China Doll - 1967

Stanley Mouse and Alton Kelley 


China Doll, 1967


First printing, lithograph, Condition: Near Mint


Framed: 25 3/4" tall x 19 3/8" wide





Original Portrait of a Young Girl by Georg Buchner

Detail, bands

Close-up of frame

Close-up of frame

Frame at angle


This haunting yet beautiful image of a woman’s face peaks through a red-orange haze that leaves a myriad of questions in the mind of the beholder.  One of the psychedelic era posters that would look great in any room, the bands featured were Canned Heat and Allmen Joy. Alton Kelley found the image on a postcard and it was from a painting by German artist Georg Buschner Mignon (1858-1914)  called Portriat of a Young Girl.
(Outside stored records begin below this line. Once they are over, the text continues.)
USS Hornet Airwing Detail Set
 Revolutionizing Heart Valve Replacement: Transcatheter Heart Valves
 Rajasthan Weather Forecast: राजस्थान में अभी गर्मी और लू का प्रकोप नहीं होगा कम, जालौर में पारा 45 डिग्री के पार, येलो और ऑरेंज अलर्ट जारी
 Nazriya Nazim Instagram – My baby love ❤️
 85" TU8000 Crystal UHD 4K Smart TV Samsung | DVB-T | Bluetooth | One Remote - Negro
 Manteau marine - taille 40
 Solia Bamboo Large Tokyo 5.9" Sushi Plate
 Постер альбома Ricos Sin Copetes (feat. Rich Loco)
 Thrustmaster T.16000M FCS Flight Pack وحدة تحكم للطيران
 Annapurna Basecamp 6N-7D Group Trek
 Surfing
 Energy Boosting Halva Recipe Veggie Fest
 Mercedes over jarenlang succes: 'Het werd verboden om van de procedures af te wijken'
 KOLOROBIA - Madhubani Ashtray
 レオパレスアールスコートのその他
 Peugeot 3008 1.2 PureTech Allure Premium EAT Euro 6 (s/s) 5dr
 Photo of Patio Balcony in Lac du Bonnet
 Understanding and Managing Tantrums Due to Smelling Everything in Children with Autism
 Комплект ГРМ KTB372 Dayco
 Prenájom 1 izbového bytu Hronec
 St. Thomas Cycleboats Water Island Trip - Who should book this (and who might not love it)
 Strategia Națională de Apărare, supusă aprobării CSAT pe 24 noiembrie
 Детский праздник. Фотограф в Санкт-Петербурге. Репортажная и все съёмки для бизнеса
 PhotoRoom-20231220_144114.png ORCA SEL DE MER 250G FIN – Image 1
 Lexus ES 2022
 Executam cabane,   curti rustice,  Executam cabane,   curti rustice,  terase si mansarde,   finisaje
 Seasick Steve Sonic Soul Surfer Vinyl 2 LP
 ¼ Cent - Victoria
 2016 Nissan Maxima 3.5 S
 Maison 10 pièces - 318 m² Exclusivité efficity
Family Dog promoter Chet Helms decided to bring his successful shows at the Avalon in San Francisco to Denver in September 1967. The facility, technically just named after its address, 1601 West Evans Ave, became instantly popular and was dubbed the “Denver Dog.”



The Denver police hated the idea of a hippie haven in their city and had done all they could to stop the club from opening but Helms was way too smooth for them and met all legal requirements. When the club finally opened, Helms and his staff were subjected to a barrage of harassment and illegal searches. This prompted them to get a restraining order against John Grey, the rabidly anti-drug detective who had promised: "I'm going to rid Denver of all long-haired people."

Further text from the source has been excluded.